O termo "brutalismo" advém do francês béton brut, que significa "concreto bruto". Tal corrente da arquitetura preza por não esconder os materiais utilizados na construção de suas edificações, dispensando ornamentos. De certa forma, Brady Corbet inspira-se nessa linha de pensamento, desde o design dos créditos e cenários até a trama de sua nova ficção, com mais de três horas de duração, que busca retratar uma América sem adornos, sólida, fria e bruta como o concreto.
O simbólico cartaz do filme, com a Torre da Liberdade de cabeça para baixo, simboliza a inversão dos valores propostos. Não há sonho a ser perseguido nem futuro próspero à vista para o arquiteto László Toth, interpretado por Adrien Brody, que foge da Hungria para os Estados Unidos como refugiado da Segunda Guerra Mundial, deixando para trás sua esposa, Erzsébet Tóth (Felicity Jones), e sua obra.
A produção é dividida em duas partes de 1h40 cada, além do interstício na metade da projeção, relembrando a experiência de assistir os longuíssimos épicos como Ben-Hur (1959); e do epílogo ao final.
No primeiro capítulo, acompanhamos os momentos iniciais de László em sua nova vida na América, cercado por preconceito e precarização. Mesmo quando seu trabalho parecia estar próximo de uma tão almejada redenção, a marca da discriminação e do ódio o empurram para o isolamento e dependencia química.
Essa situação muda quando László é contratado pelo riquíssimo Harrison Lee Van Buren (Guy Pearce), um homem que transformará sua condição atual a um custo elevadíssimo. O segundo capítulo começa justamente com o retorno de Erzsébet Tóth e a jornada do protagonista para reconstruir seu casamento e finalizar a grandiosa obra encomendada por Harrison.

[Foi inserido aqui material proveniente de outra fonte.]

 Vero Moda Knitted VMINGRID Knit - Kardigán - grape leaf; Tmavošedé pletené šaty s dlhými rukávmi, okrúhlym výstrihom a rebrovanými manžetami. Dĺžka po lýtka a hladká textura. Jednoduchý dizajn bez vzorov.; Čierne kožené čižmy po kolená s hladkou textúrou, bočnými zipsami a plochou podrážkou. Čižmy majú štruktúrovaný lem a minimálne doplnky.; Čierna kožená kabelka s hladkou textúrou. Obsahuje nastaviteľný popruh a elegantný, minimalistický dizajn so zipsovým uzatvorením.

O filme cobre décadas da vida do personagem principal, com especial foco na sua árdua tarefa de conquistar o reconhecimento de seu trabalho e a dignidade como um homem para além do rótulo de refugiado. O epílogo da narrativa tenta esboçar essa recompensa anos mais tarde dos principais eventos da história, afirmando que por mais que o processo tenha sido um verdadeiro pandemônio, o resultado final é o que prevalece.

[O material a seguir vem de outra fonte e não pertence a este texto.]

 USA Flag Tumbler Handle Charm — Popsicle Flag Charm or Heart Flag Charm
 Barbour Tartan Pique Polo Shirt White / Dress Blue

Adrien Brody, mais uma vez, entrega uma atuação digna de Oscar, revivendo a persona de refugiado da Segunda Guerra Mundial (com a qual conquistou sua primeira estatueta em O Pianista, em 2002). Sua habilidade em expressar as emoções complexas de seu personagem enriquece diversas cenas icônicas do longa. Um destaque vai para o momento em que ele é convidado a jantar com Harrison Lee, ou mesmo quando o magnata lhe pergunta o motivo de querer ser arquiteto.

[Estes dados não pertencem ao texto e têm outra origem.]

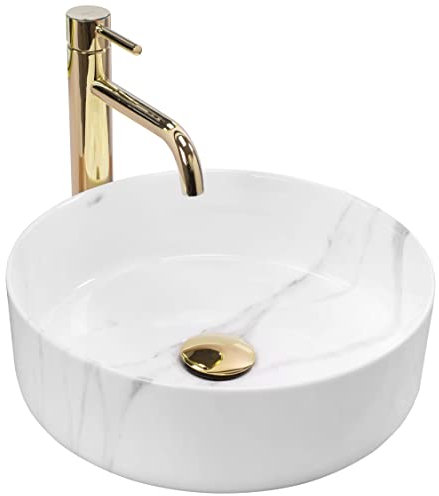 Rea VASQUE À POSER Sami Marble Lavabo Salle de Bain 360 x 360 x 115 mm en Céramique (imitation de pierre)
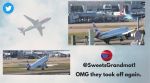 Strong winds almost tilt airplane, Strom Corrie rocks airplane in London, Winds almost flip the airplane in London, Indian Express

As discussões sobre arquitetura são outro ponto positivo de O Brutalista. Contudo, é curioso como um filme de mais de três horas não conseguiu explorar toda a riqueza de possibilidades que esses diálogos poderiam oferecer.
A obra serve muito bem como uma alegoria sobre os refugiados em diversas partes do mundo, com um recorte especial para o modo como os norte-americanos consomem a mão de obra desses indivíduos sem lhes garantir dignidade ou reciprocidade.
Mesmo com um orçamento modesto para os padrões de Hollywood, O Brutalista convence como um drama épico do tipo que a Academia costuma premiar pelo mérito de abordar grandes temas e discussões típicas de seu país.
Indicado a dez categorias do Oscar 2025, O Brutalista em algum momento despontou como favorito a categoria principal, tendo inclusive vencido o Globo de Ouro de Melhor Filme. Conforme a temporada de premiações vai se afunilando, o filme parece perder o fôlego para outros bons concorrentes, mas é bom ficar de olho em Adrien Brody que vem pavimentando de forma maciça sua segunda estatueta, talvez ameaçada por um suposto desconhecido.